Examine the contents using a method of your choosing.

ocna_grades <- sci_classes %>%
  select(subject, section, TimeSpent_hours, FinalGradeCEMS) %>%
  filter(subject == "OcnA", FinalGradeCEMS >= 60) %>%
  arrange(desc(section))
view(ocna_grades)

Deriving info with dplyr

We will practice summarise () and group_by () functions now.

Summarise () Function

Using sci_classes data and the summarise() function:

  • Get a distinct count of course ids.

  • Use the %>% operator

sci_classes %>%
  summarise(count = n_distinct(course_id))
# A tibble: 1 × 1
  count
  <int>
1    26
  • Get a distinct count of course ids.

  • Use the |> operator

sci_classes |>
  summarise(count = n_distinct(course_id))
# A tibble: 1 × 1
  count
  <int>
1    26

Group_by () Function

Using the sci_classes data and the pipe operator.

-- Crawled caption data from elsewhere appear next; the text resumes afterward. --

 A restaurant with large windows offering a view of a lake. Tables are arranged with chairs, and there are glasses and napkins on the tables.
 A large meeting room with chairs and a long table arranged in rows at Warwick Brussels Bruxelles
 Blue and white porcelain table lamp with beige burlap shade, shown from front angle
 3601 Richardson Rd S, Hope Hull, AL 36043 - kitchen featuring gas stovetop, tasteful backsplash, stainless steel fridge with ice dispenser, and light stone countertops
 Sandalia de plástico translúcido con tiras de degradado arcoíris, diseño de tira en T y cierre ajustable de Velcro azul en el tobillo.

  • Filter final grades to remove NAs.

  • Group your data by subject and gender.

  • Summarise your data to calculate the following stats:

  • total number of students

  • mean final grade

  • mean time spent in the course

  • Assign to a new object

  • Examine the contents using a method of your choosing.

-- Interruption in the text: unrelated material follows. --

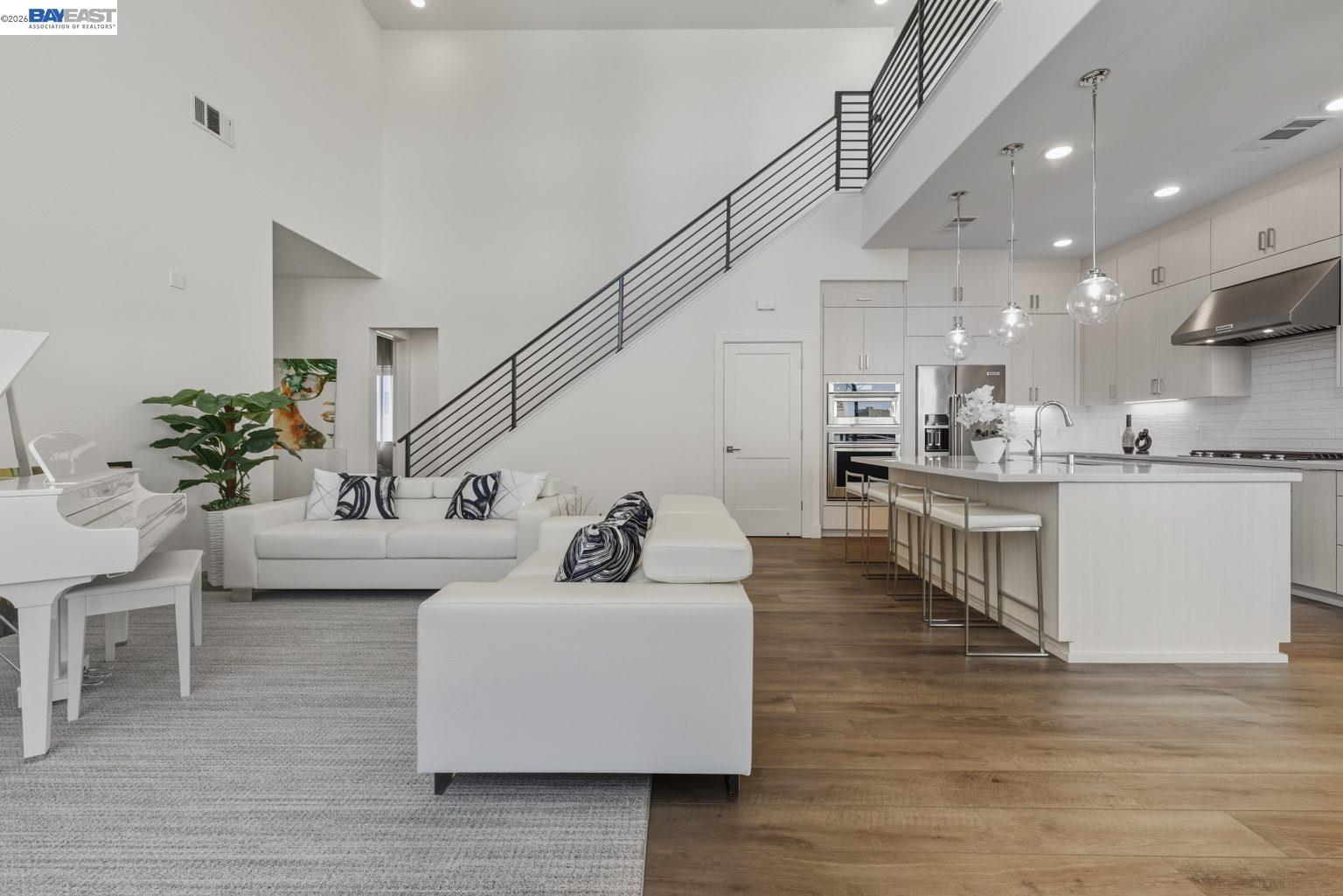 1748 Kilowatt Way, Unit 402 Fremont, CA 94539 - Photo 9 of 60 a living room with kitchen island furniture and a kitchen view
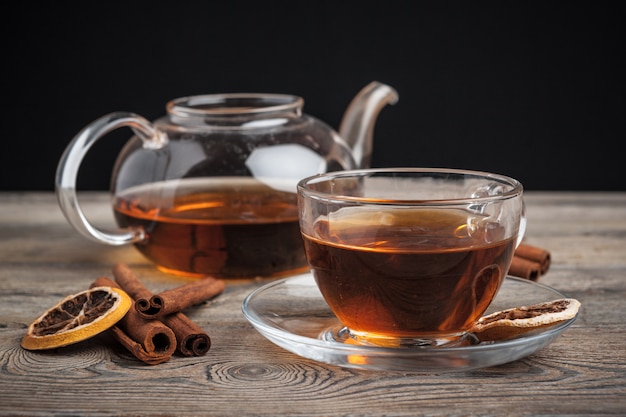 aromatic hot cinnamon tea on wooden table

summary_by_group <- sci_classes %>%
  filter(!is.na(FinalGradeCEMS)) %>%
  group_by(subject, Gender) %>%
  summarise(
    total_students = n(),
    mean_final_grade = mean(FinalGradeCEMS, na.rm = TRUE),
    mean_time_spent = mean(TimeSpent_hours, na.rm = TRUE)
  )
`summarise()` has regrouped the output.
ℹ Summaries were computed grouped by subject and Gender.
ℹ Output is grouped by subject.
ℹ Use `summarise(.groups = "drop_last")` to silence this message.
ℹ Use `summarise(.by = c(subject, Gender))` for per-operation grouping
  (`?dplyr::dplyr_by`) instead.
view(summary_by_group)

Mutate () Function

Replace the dashed lines in the following code to;

  • Create a new variable called score that is the product of percentage earned and 100

  • Create a faceted scatter plot with hours spent in the course on the x-axis, score on the y-axis, and point colored by gender.

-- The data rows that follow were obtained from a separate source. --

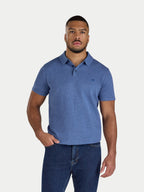 Man wearing a blue polo shirt and jeans on a white background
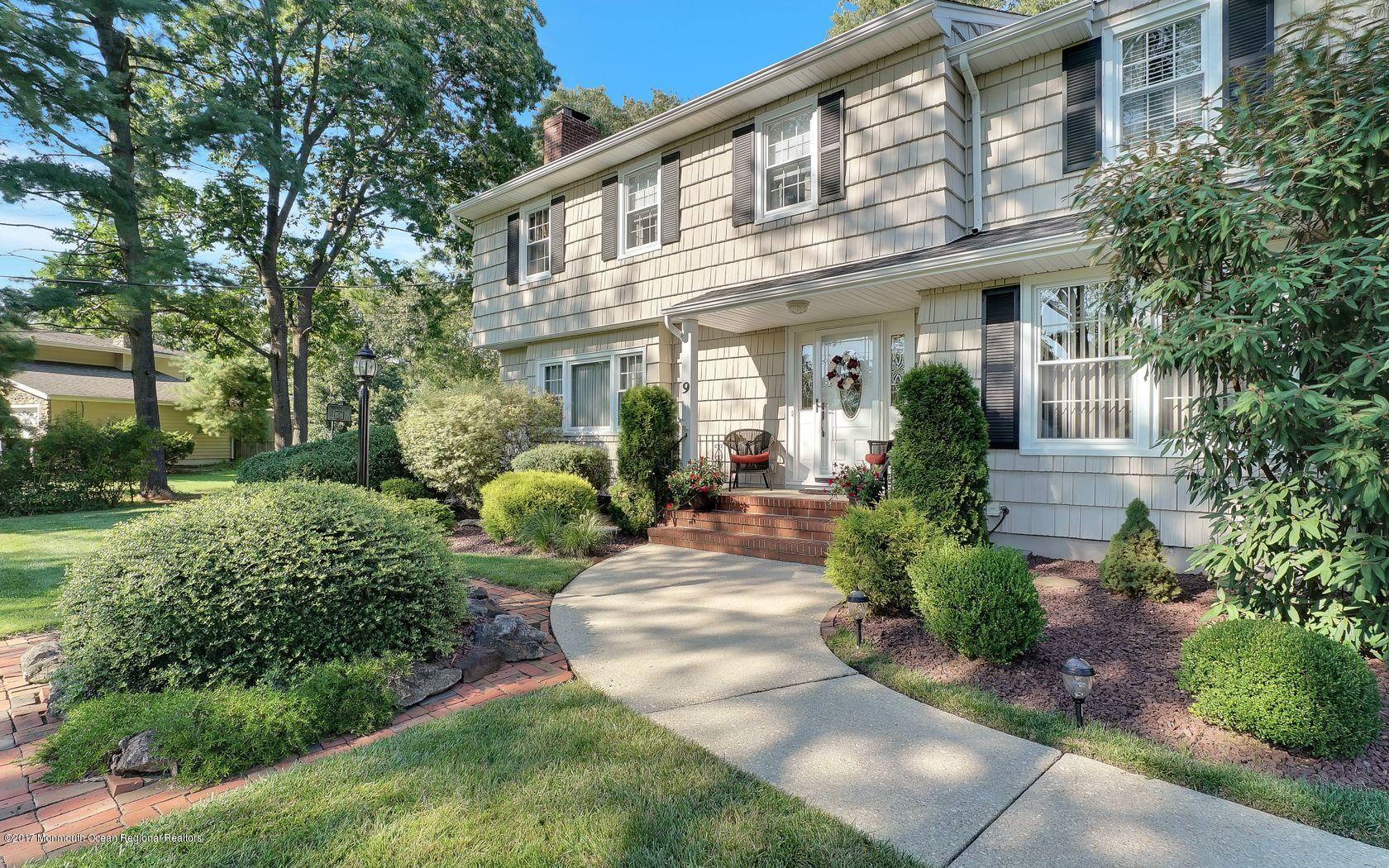 9 Cornwall Road Freehold, NJ 07728 - Photo 3 of 38 a view of a building with potted plants and a fountain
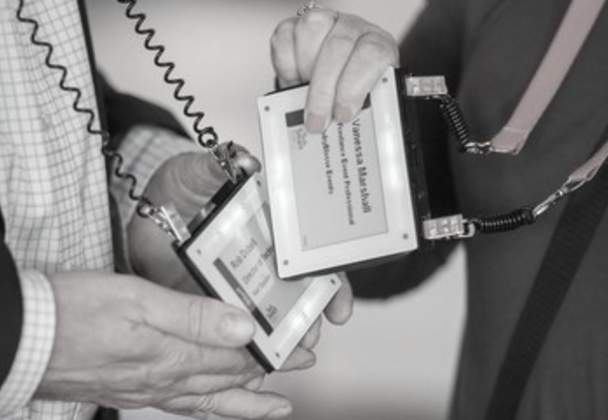 Two delegates holding electronic badges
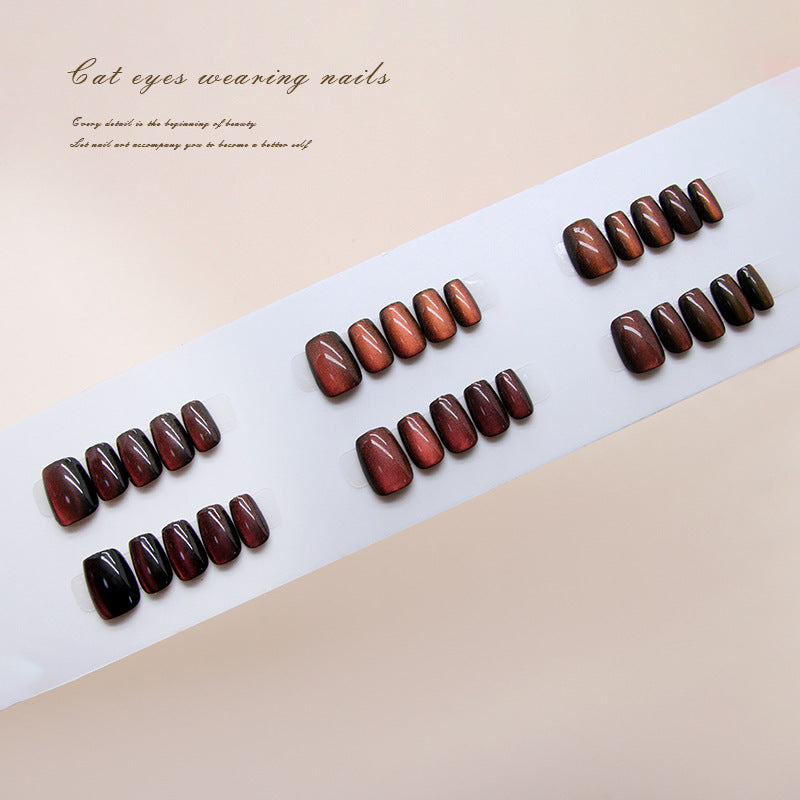 Set of brown nail extensions on a white strip with text on a beige background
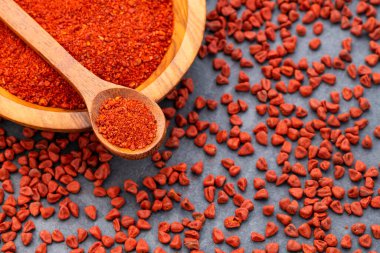 Kaşıkta ve kasede ezilmiş annatto tohumları - Bixa Orellana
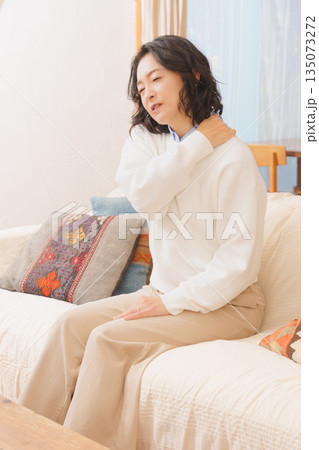 リビングでソファに座り肩をもむミドル女性 リビングでソファに座り肩をもむミドル女性 135073272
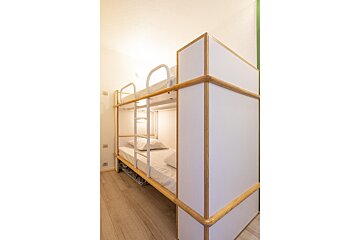 Clean, modern bunk beds with white mattresses, wooden frames, and individual lights in a bright room with light wood flooring.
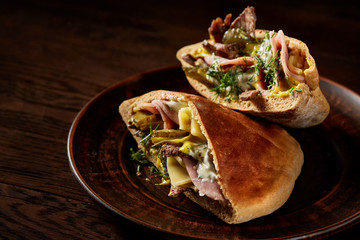 Pita stuffed with meat, cheese and sauce on wooden background, top view, selective focus.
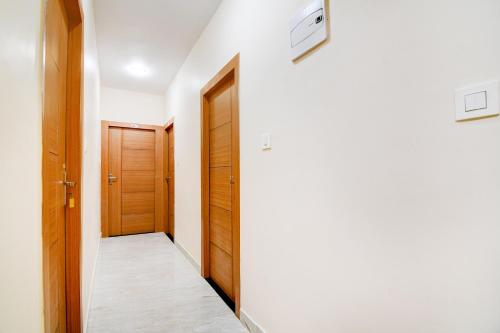 a hallway with two wooden doors and a floor at Hotel O by OYO Eco Greenway Retreat in Salua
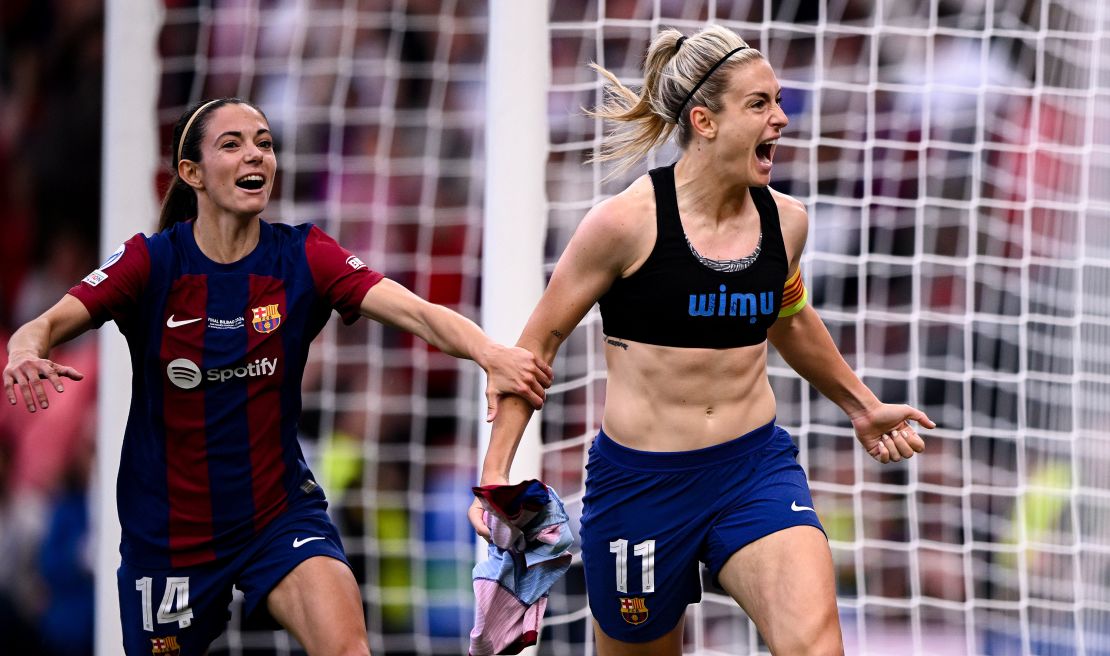 Putellas (right) celebrates scoring Barcelona's second goal against Lyon.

  • Include an alpha value to your graph.

sci_classes %>%
  mutate(score = percentage_earned * 100) %>%
  ggplot() +
  geom_point(aes(x = TimeSpent_hours, y = score, color = Gender), alpha = 0.5) +
  facet_wrap(~subject)

Final Step:

You are almost done, all you need to is to render your file and publish it in one of the following platform.

Your Turn:

Render File: For now, we will wrap up this work by converting our work into a webpage that can be used to communicate your learning and demonstrate some of your new R skills. To do so, you will need to “render” your document by clicking the Render button in the menu bar at that the top of this file. This will do two things; it will:

  1. check through all your code for any errors; and,

  2. create a file in your directory that you can use to share you work through Posit Cloud, RPubs , GitHub Pages, Quarto Pub, or other methods.

  3. Submit your link to the Blackboard!

Now that you’ve finished your Rtutorial study, scroll back to the very top of this Quarto Document and change the author: “YOUR NAME HERE” to your actual name surrounded by quotation marks like so: author: “Dr. Cansu Tatar”.